I believe it was Bryan who mentioned that you become a dtrace convert once it pulls your ass out of a fire once or twice. That was certainly the case for myself. I solved some rather wonky problems and got to be the hero a couple of times. Thusly, I fell in love with all the power dtrace affords and became a convert. Behind the scenes, however, I had to work damn hard to earn a pulls asses out of fires with dtrace achievement. The majority of the time I spent earning the achievement was at home and not during work hours. Things like like LDAP clusters needing attending and new Oracle DB instance builds constantly get in the way of learning.
My dtrace abilities are founded on spending a lot of time with my nose stuck in Richard McDougall and Jim Mauro’s Solaris Internals book. Serious dtracing requires serious understanding of the OS you are instrumenting. I don’t think many professional administrators in companies that are just trying to keep the lights on have the time nor the inclination to climb the wall of dtrace since they can solve the vast majority of their system problems with well worn tools (or hire Jarod). Quite frankly, I don’t believe I’ve ever met another administrator that was interested in learning dtrace that didn’t first have an obsessive devotion to computing that started at a young age. This describes me and probably most of the other folks at dtrace.conf yesterday.

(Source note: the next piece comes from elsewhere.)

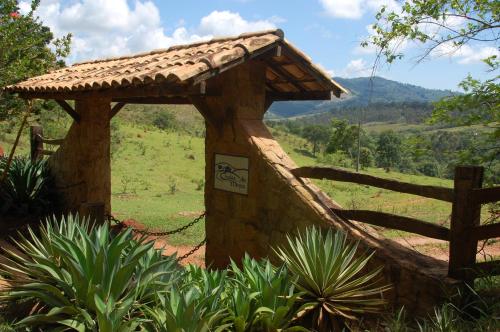a small wooden structure with a fence and a field at Chalés de Minas Hotel Fazenda in Caxambu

(An entertaining thought entered my head shortly after I wrote this post. If the Oracle guys get their Linux dtrace port working well, we may see a significant uptick in dtrace adoption due to the fact that the well worn Linux stat tools are not as complete as their Solaris counterparts.)
I’d like to hear what other folks in the community think. I’ll open up the comments and make an attempt to keep the spammers down.